The Lion and Pandemic definitions deal with the motivation behind an action or communication. Was it about communicating true information, updating someone else’s a model, sending a symbolic signal or creating useful associations?
The Baudrillard definition deals with the process by which the statement relates to what he calls the ‘profound reality.’ Does it deal with it directly, distort it, hide its absence or ignore it entirely?
These two patterns go hand in hand.
At level 1, one directly deals with reality in order to communicate true information. One does not have to pretend.
At level 2, one distorts reality – in Baudrillard’s words, masks and denatures it – in order to convince others that what one is representing as reality is actual reality. One pretends.
At level 3, one hides the absence of reality in order to invoke a symbolic meaning, usually for the purposes of signaling.
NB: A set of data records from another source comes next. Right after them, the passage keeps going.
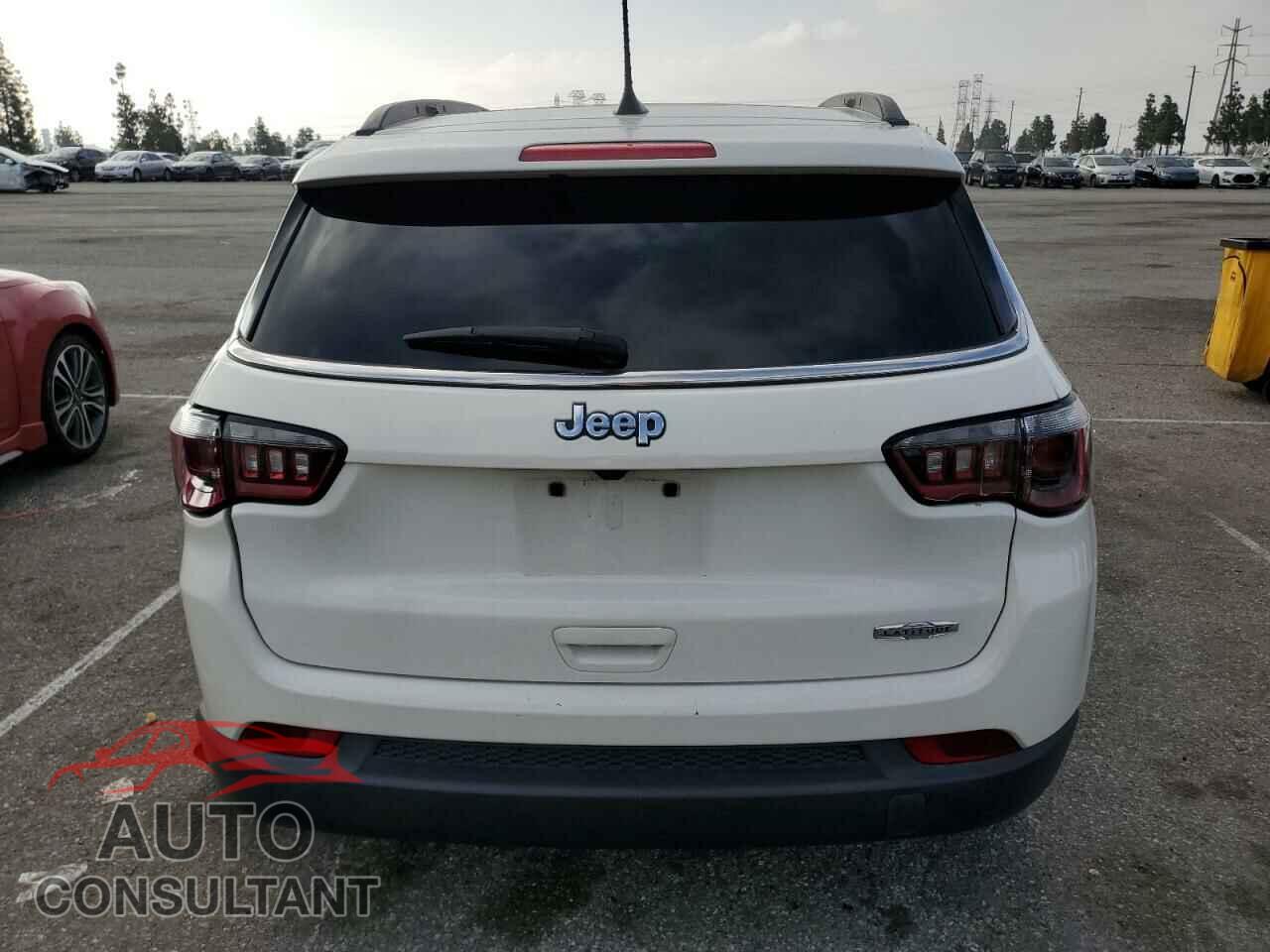 JEEP COMPASS 2021 - 3C4NJCBB3MT538820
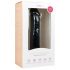 Easytoys - realistické dildo s přísavkou (20,5cm) - černé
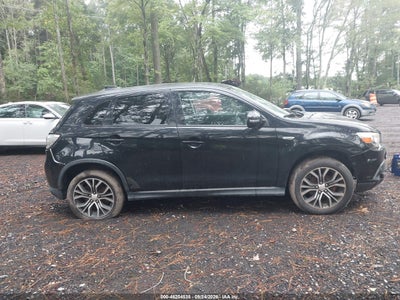 MITSUBISHI OUTLANDER SPORT
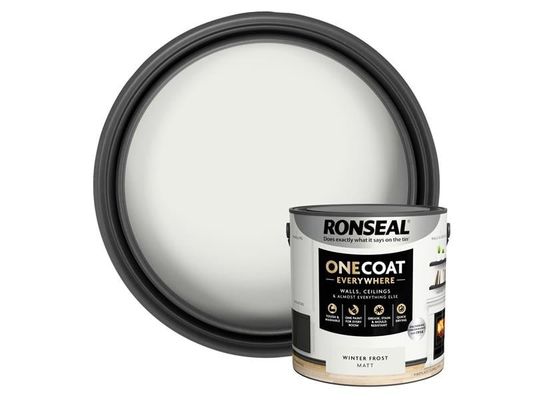 Ronseal One Coat Everywhere Interior Paint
There needs to be a sufficiently strong sense of association to the underlying reality that the signal is understood and holds meaning, but not so strong an association that the signal can be confused for an underlying map. Reality must be absent, but in a way that is deniable. One pretends to pretend.
At level 4, one engages in pure simulacra, with no relation to the underlying reality at all. There is no object-level cashing out at all. The underlying reality is something to be sculpted by changing associations and symbolic meanings. Consequences of a statement or action are in terms of the consequence to a simulacra, as measured on the third and fourth levels. At most, one pretends to be offering pure level-3 simulacra. One does not pretend to pretend to pretend to be on the object level, rather one stops pretending, period.
More than that. One does not merely stop pretending. One forgets that there was an underlying reality to begin with, and loses the ability to think about the underlying reality and guide it to better outcomes, except by doing so through agents operating at the levels in between.
Simulacra Level of a System
All of these are phrased above in terms of an individual, but apply equally to a group, system or civilization.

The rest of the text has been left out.